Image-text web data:

....

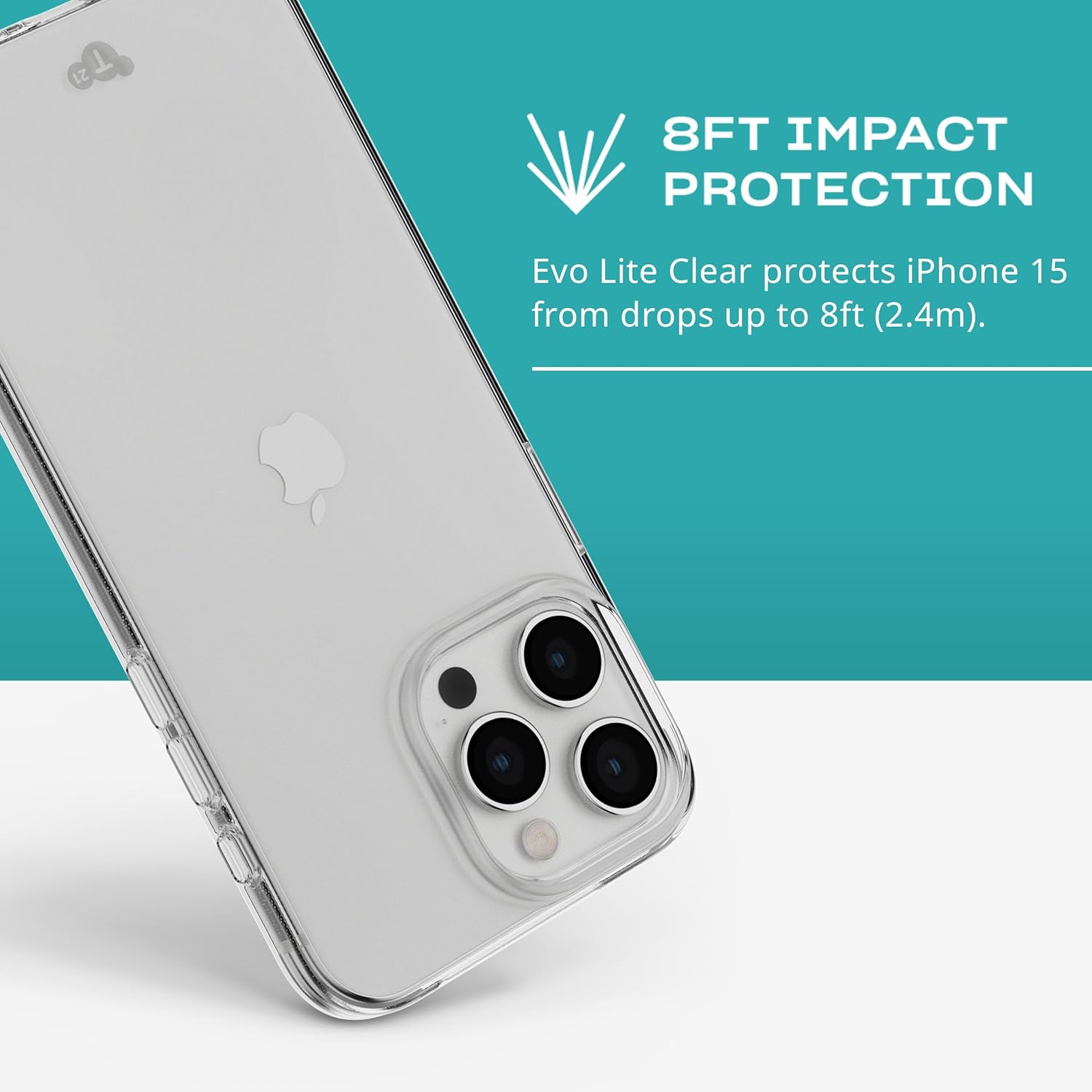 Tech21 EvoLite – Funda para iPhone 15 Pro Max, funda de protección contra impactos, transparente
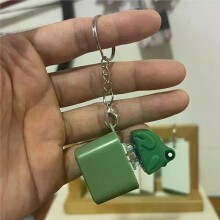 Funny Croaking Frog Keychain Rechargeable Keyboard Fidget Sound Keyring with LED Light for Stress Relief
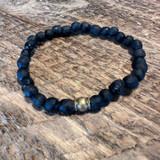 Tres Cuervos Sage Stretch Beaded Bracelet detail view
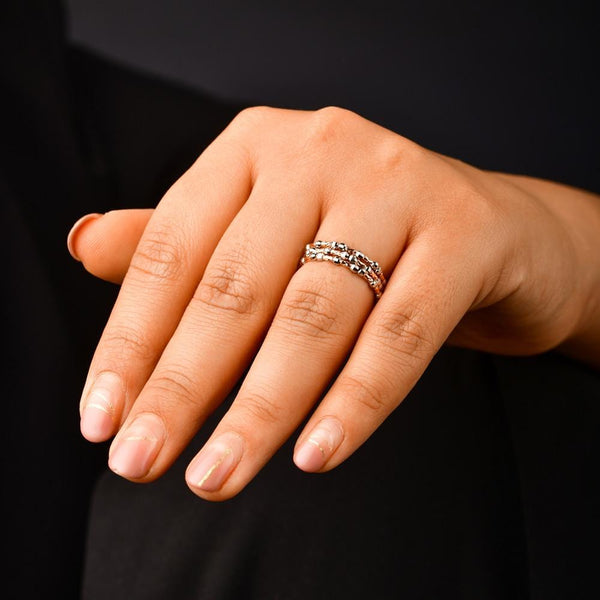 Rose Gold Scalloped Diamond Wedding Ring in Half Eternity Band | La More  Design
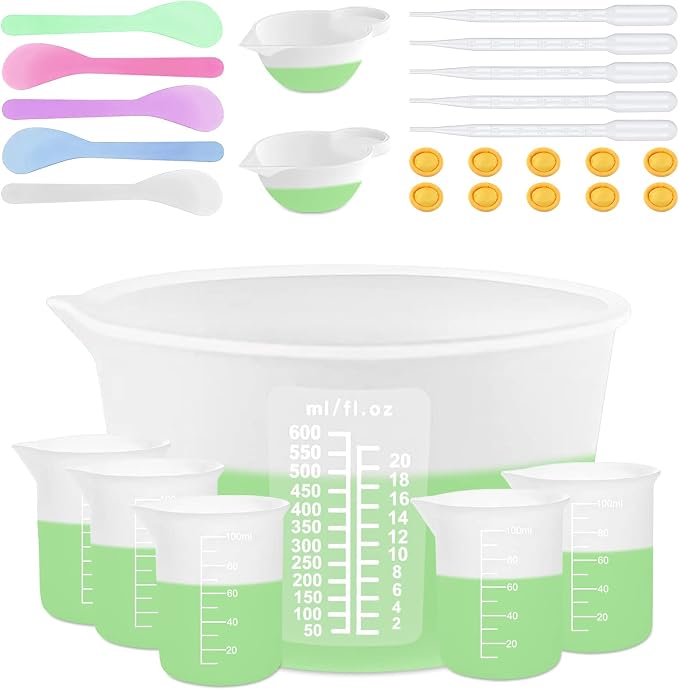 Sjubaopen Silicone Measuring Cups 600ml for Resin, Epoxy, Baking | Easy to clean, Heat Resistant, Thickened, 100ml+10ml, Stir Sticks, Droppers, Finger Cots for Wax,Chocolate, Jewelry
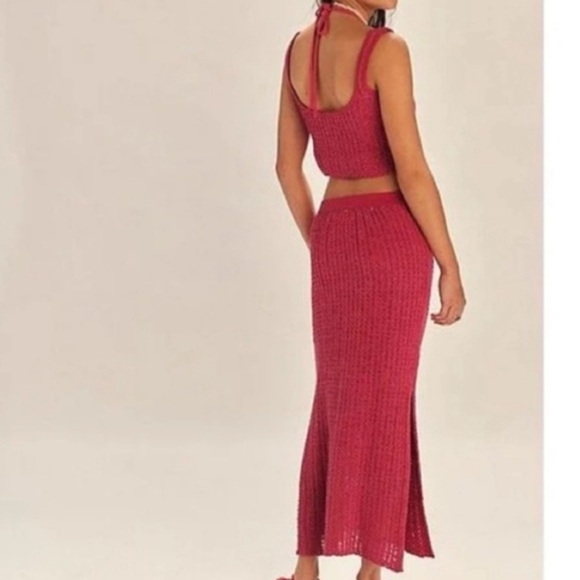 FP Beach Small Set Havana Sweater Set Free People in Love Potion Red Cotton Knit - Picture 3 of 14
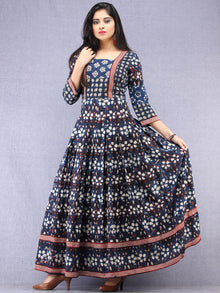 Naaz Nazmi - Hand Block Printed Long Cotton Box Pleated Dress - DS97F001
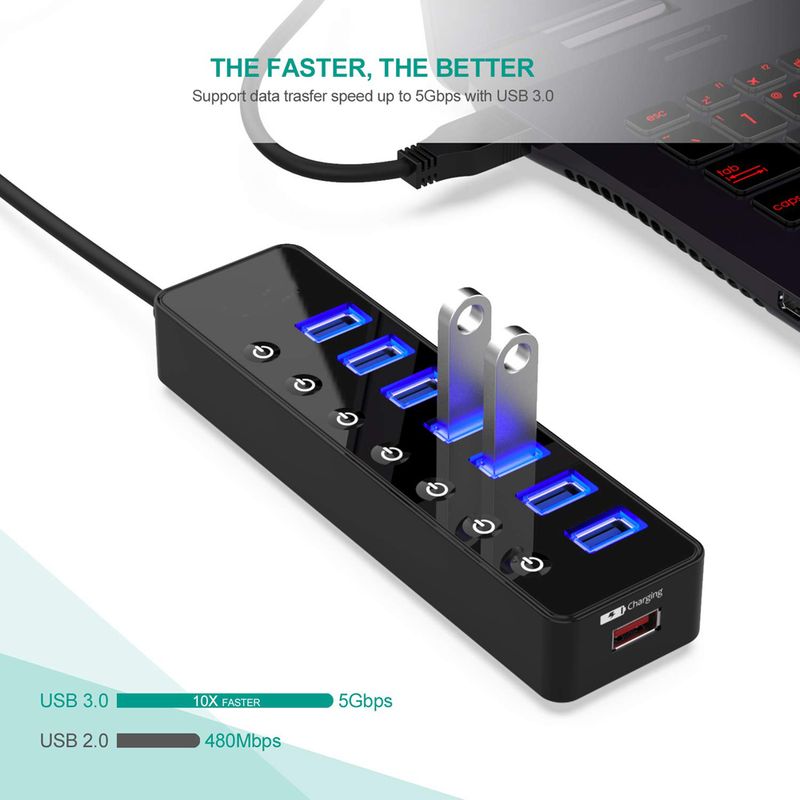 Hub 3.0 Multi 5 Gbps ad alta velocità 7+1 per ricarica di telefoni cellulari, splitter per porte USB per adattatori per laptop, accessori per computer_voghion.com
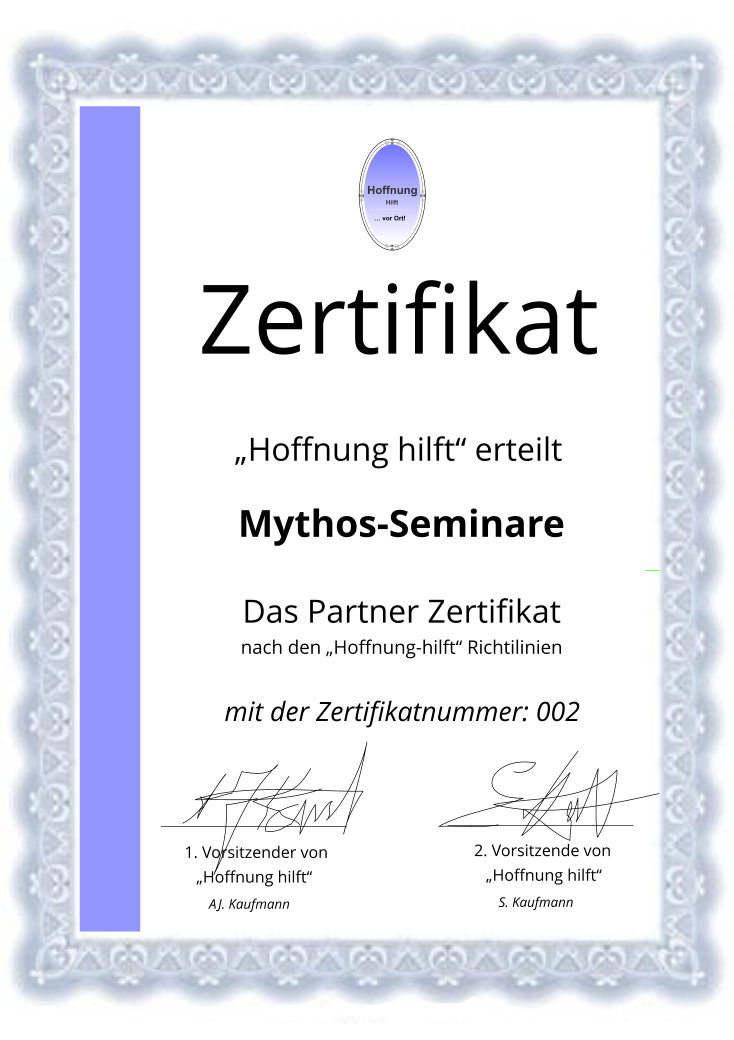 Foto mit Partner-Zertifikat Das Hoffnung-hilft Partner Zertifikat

....

◆ **Instructions for the task**: An acceptable answer consists of the lines above from the one holding "Sjubaopen Silicone Measuring" to the end of the data, repeated exactly and containing no pictures.

◆ **Written response**:
 Sjubaopen Silicone Measuring Cups 600ml for Resin, Epoxy, Baking | Easy to clean, Heat Resistant, Thickened, 100ml+10ml, Stir Sticks, Droppers, Finger Cots for Wax,Chocolate, Jewelry
 FP Beach Small Set Havana Sweater Set Free People in Love Potion Red Cotton Knit - Picture 3 of 14
 Naaz Nazmi - Hand Block Printed Long Cotton Box Pleated Dress - DS97F001
 Hub 3.0 Multi 5 Gbps ad alta velocità 7+1 per ricarica di telefoni cellulari, splitter per porte USB per adattatori per laptop, accessori per computer_voghion.com
 Foto mit Partner-Zertifikat Das Hoffnung-hilft Partner Zertifikat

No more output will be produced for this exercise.